Quindi caricò la macchina anche con i piumini che Clara aveva stipato nei vari armadi e partì. Pervaso dalle stesse sensazioni di quando alla fine della scuola, a dicembre o in estate, raggiungeva Tarpasso per far visita a nonno Ciccio.
Nonno paterno, figlio del vecchio maniscalco del paese, era stato per tutta la vita impiegato al Catasto di Viterbo e poi sindaco in una giunta di sinistra, senza tradire le sue convinzioni democristiane.
Rimasto vedovo a sessant’anni, non si era voluto trasferire a Roma.
Uomo di principi solidi, capace di un umorismo nero, era stato lui il vero padre di Leo Malinverno, mentre Arrigo si perdeva dietro ai suoi traffici e, chiamiamole così, alle sue fidanzate.
L’anno in cui, in quinta ginnasiale, si era voluto ritirare dalla scuola per il duro contrasto con un professore, aveva trascorso l’inverno alla rocca: a studiare tutte le materie in vista – su questo Clara non aveva voluto sentire ragioni – degli esami da privatista.

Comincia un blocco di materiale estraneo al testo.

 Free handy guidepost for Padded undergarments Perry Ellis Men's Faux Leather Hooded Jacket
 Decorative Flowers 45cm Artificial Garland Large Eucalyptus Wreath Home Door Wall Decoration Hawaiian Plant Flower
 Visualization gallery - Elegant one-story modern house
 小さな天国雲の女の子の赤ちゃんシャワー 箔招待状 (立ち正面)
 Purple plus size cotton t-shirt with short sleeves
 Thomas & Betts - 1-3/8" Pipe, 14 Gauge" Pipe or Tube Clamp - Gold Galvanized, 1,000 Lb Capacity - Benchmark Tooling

Nelle pause erano andati in cerca di funghi porcini, a raccogliere legna, a caccia di cinghiali, a mangiare polenta e salsicce alla taverna. Divertimento puro, tra uomini. E c’era anche una coetanea, figlia del falegname, a stuzzicargli le fantasie.

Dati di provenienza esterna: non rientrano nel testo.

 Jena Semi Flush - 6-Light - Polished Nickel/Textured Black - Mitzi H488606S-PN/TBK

Più che altro, considerava Tarpasso un rifugio dell’animo, un posto che gli serviva per ritrovarsi. Vi aveva trascorso in passato, dopo la morte del nonno, lunghi o brevi periodi. Sempre da solo.
Per la prima volta sentiva di poterlo condividere con le persone a cui teneva. E l’ipotesi dell’arrivo di Viola lo emozionava.